The challenge of marketing to consumers in a fast-moving online ecommerce environment, says Craig Kelly, group product manager at Overstock.com, lies in knowing what messages and content to send them and when.
It’s a tough nut to crack, and data science can help, but the limitations of traditional data warehousing technologies often hamper the process, says Kelly:
By the time you’ve formulated the question you need to ask, run your query and got back your response, the world’s already moved on.

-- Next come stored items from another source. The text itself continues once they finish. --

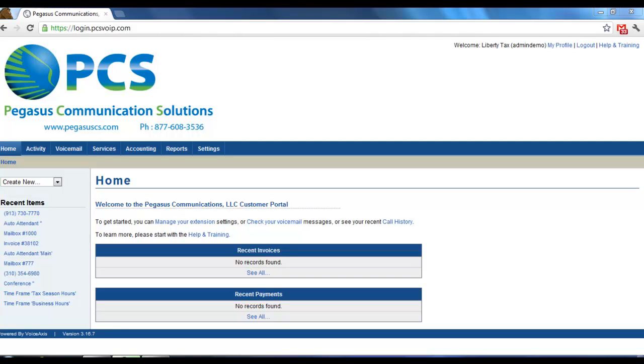Welcome to the Pegasus Communication Solutions Customer Portal. In this video, I'm going to show you how to forward your incoming calls from the phone number level.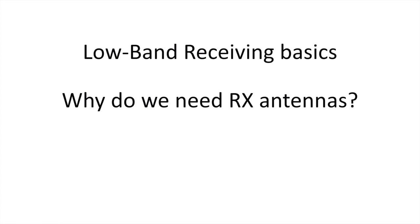I'm going to call this Low Band Receiving Antennas 101. I'll try to very quickly just review the basics of receive antennas, especially for the low bands. Why do we even need receive antennas?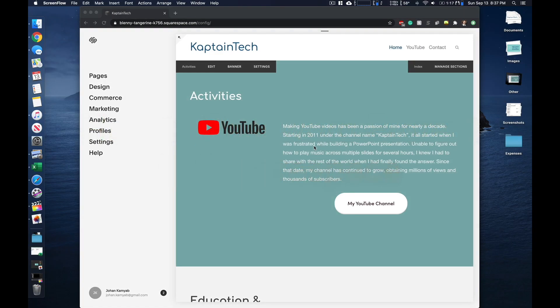Hey YouTube, Captain Tech here, and in today's video I'll walk you through how to add password protection in Squarespace.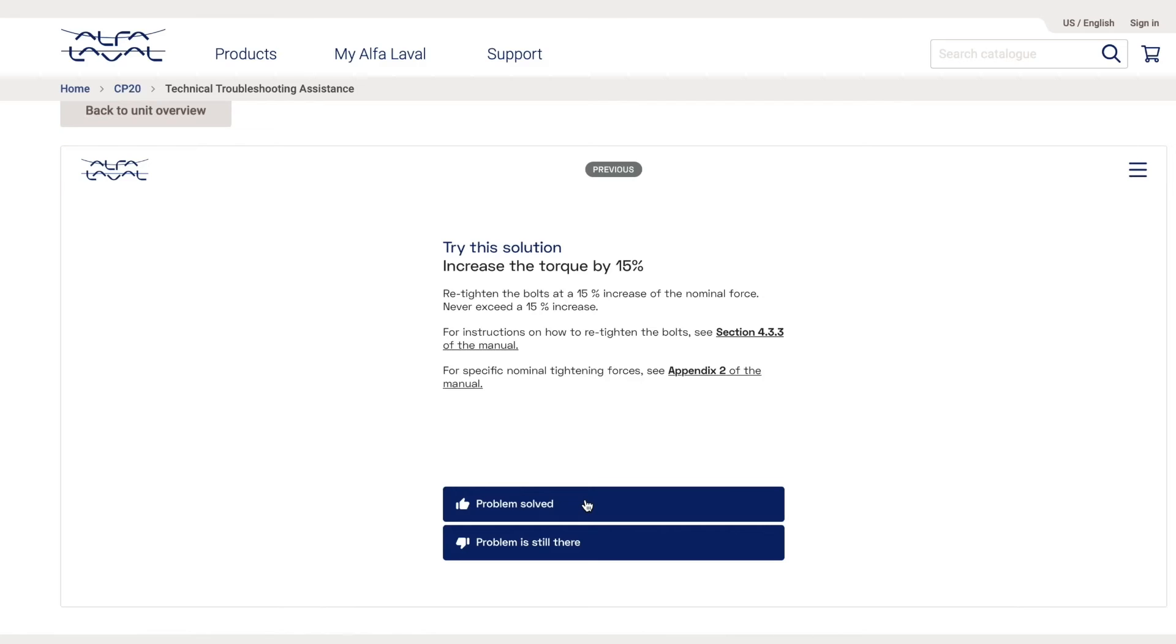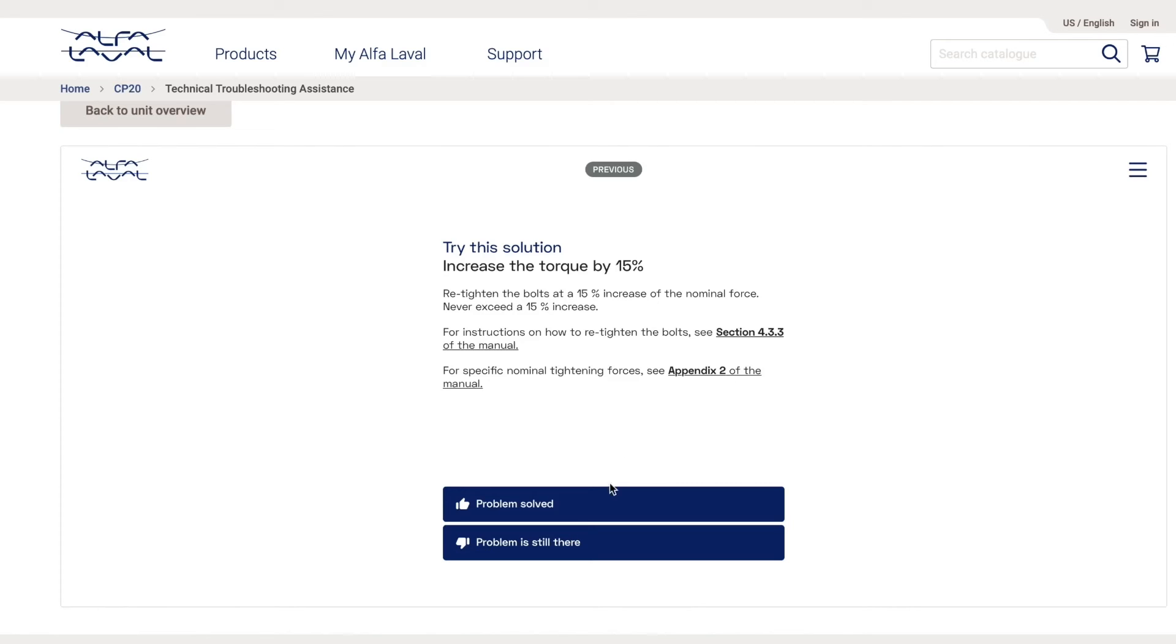I then can try this first suggested solution: increase the torque by 15%. Again, I can open the instruction manual and check the instructions on how to re-tighten the bolt. Let's say I did that. I increased the torque by 15% and the leakage stopped. So my problem is solved.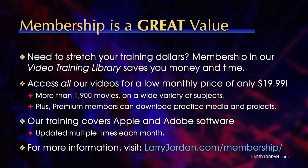Plus, premium members can download practice media and projects. Our training covers Apple and Adobe software. We update it multiple times each month. And for more information, visit LarryJordan.com slash membership. And thanks.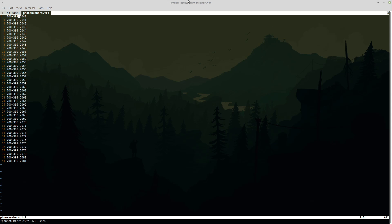So the way that my colleagues were fixing this type of stuff before is they would open up an Excel file and they would do control H to just find and replace all of these hyphens with a blank space, which works pretty well. You would pretty much do the same exact thing in Vim.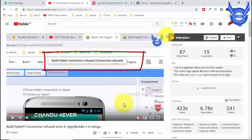Hi everyone, this is George Chandu, and the YouTube channel is Chandu Forever. Friends, in this video I will tell you about the Appy Builder offline version.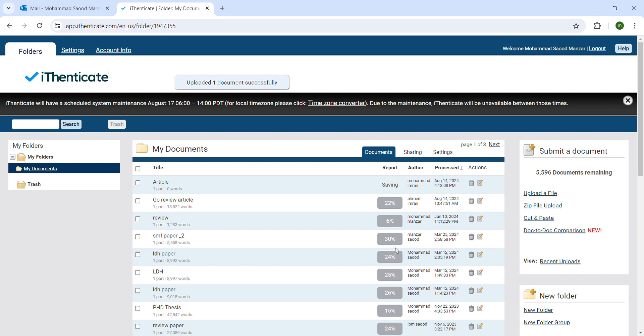In the meanwhile, it is saving the information. Here you can see, after it is done it will show you the words and the percentage.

In other words, while Midvale, Utah-based Overstock closely tracks the interactions that consumers initiate on its site, successfully converting clicks into sales is a matter of speed. And increasingly, the retailer is looking to understand how it can better perform that conversion trick not by bundling customers into broadly similar groups based on behaviour and demographics, but in a one-to-one, individualized way. It’s all about precision.
Ad hoc data science jobs
This was the thinking behind Overstock’s decision to implement a cloud-based data warehouse from Snowflake earlier this year. While the company’s traditional data warehouse is great for running traditional aggregated business intelligence reports, says Kelly, it’s just not suited for ad hoc data science jobs that often require massive amounts of compute resources on the fly:
Snowflake eliminates that problem with elastic compute resources, so when we know we have a data science job coming up that has very low aggregation and high degrees of personalization, we can go in and spin up new clusters on demand. That’s changed our data science world, because analysts can tick off a query that might otherwise take days to set up and run, or might get killed off simply because it’ll take up too many resources and is considered a lower-priority job.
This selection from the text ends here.